### Dataset entries ###

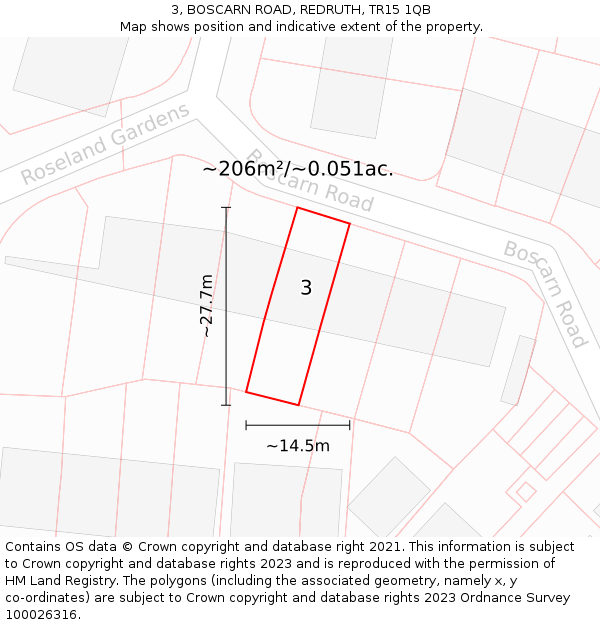 3, BOSCARN ROAD, REDRUTH, TR15 1QB: Plot and title map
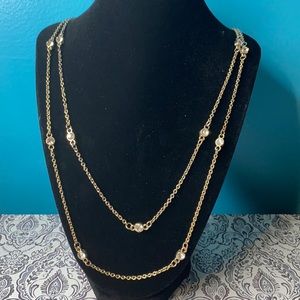 Gold Tone & Crystal Double Strand Necklace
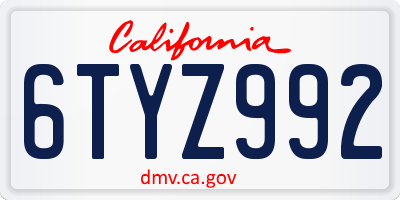 CA license plate 6TYZ992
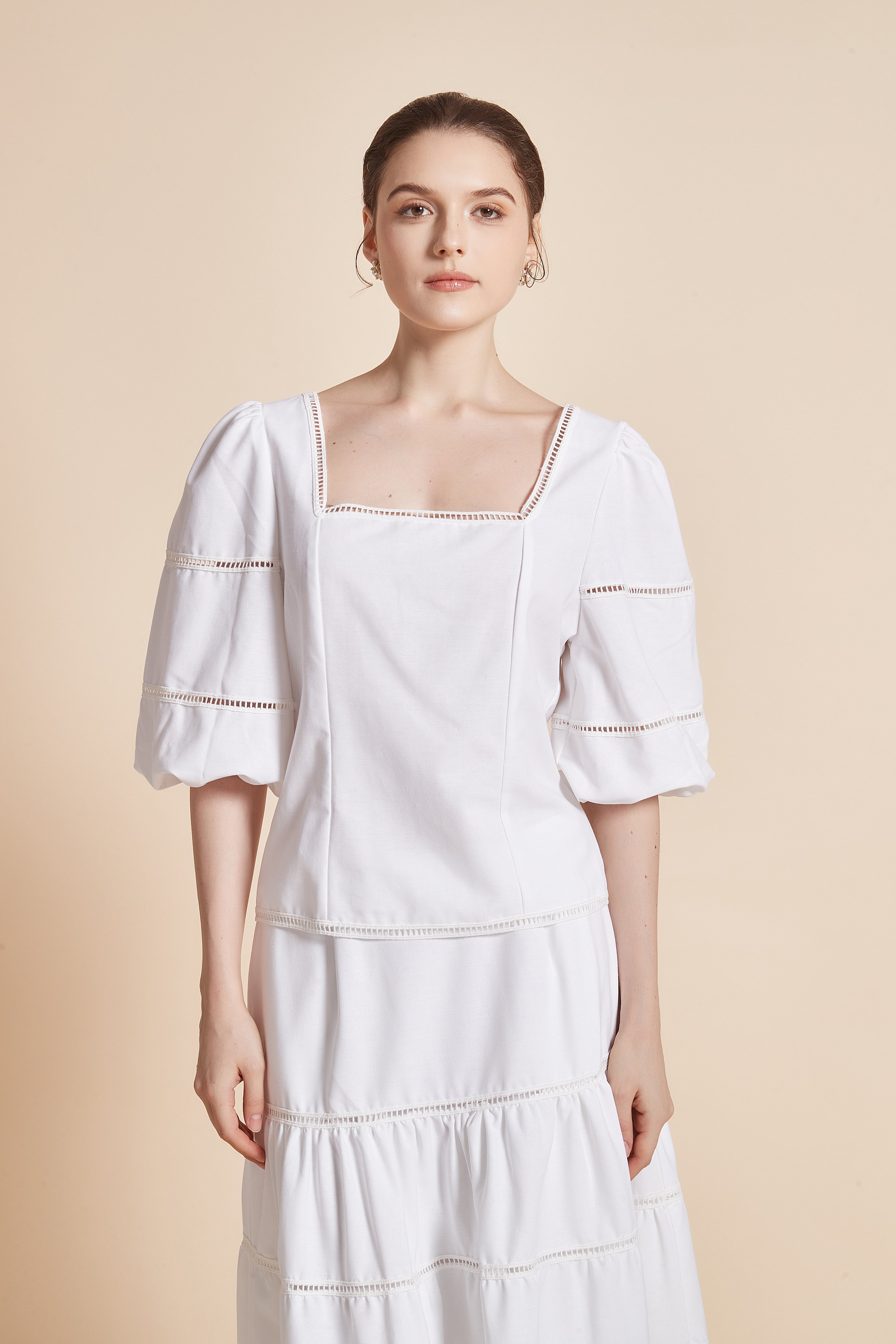 Yola 3/4 Sleeve Blouse with Square Neckline and Puff Sleeves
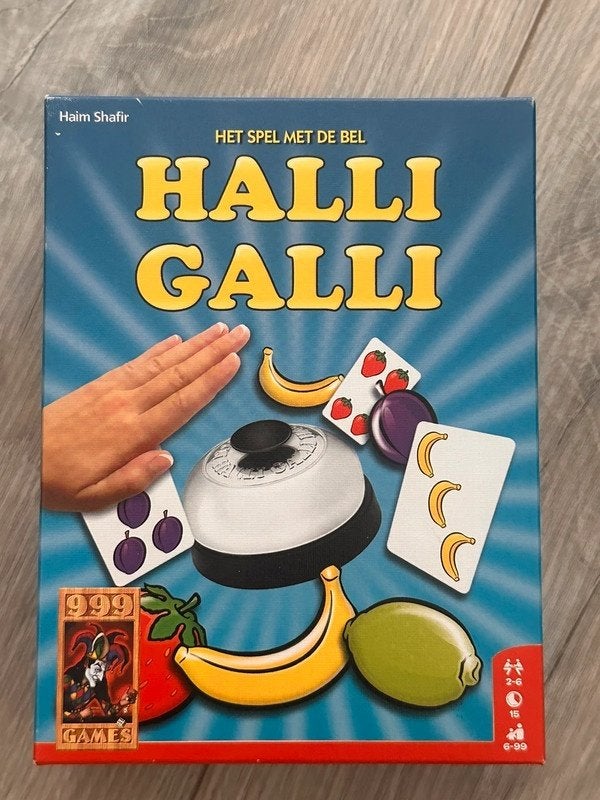 Nieuw: Halli Galli – het razendsnelle reactiespel!, Drie of vier spelers, Ophalen of Verzenden, Zo goed als nieuw, 999 Games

###

### [Work to be completed]
An exact reprint of every record is required, with the pictures omitted.

### [Answer]
 3, BOSCARN ROAD, REDRUTH, TR15 1QB: Plot and title map
 Gold Tone & Crystal Double Strand Necklace
 CA license plate 6TYZ992
 Yola 3/4 Sleeve Blouse with Square Neckline and Puff Sleeves
 Nieuw: Halli Galli – het razendsnelle reactiespel!, Drie of vier spelers, Ophalen of Verzenden, Zo goed als nieuw, 999 Games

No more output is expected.